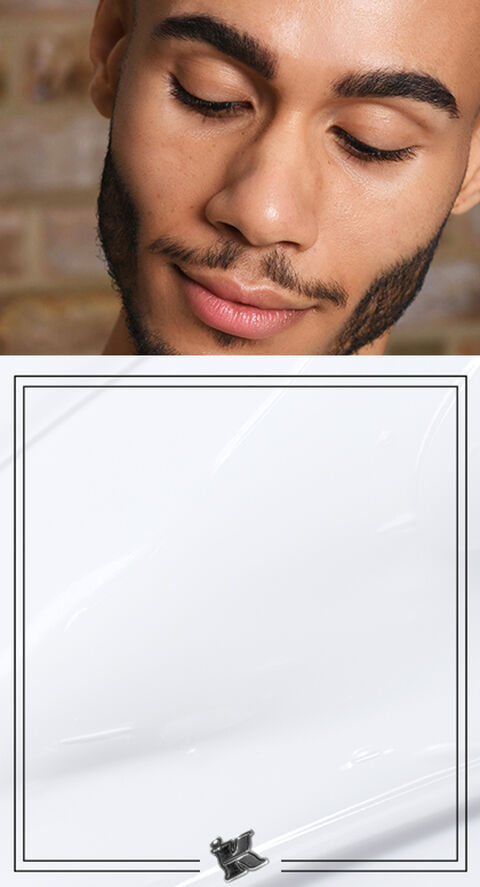 A photo of a clean shaven man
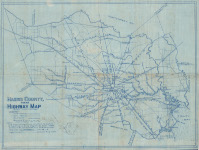 Harris Highway Map 1915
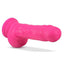 Neo Dual Density Dildo - Neon Pink/Pink - 9in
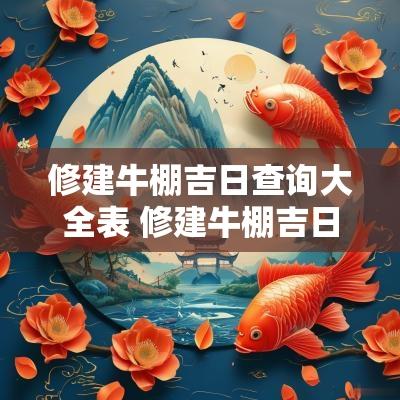 修建牛棚吉日查询大全表 修建牛棚吉日查询大全表最新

▸ **Task prompt**: Retype all the data exactly, please, without pictures.

▸ **Problem solution**:
 A photo of a clean shaven man
 Harris Highway Map 1915
 Neo Dual Density Dildo - Neon Pink/Pink - 9in
 修建牛棚吉日查询大全表 修建牛棚吉日查询大全表最新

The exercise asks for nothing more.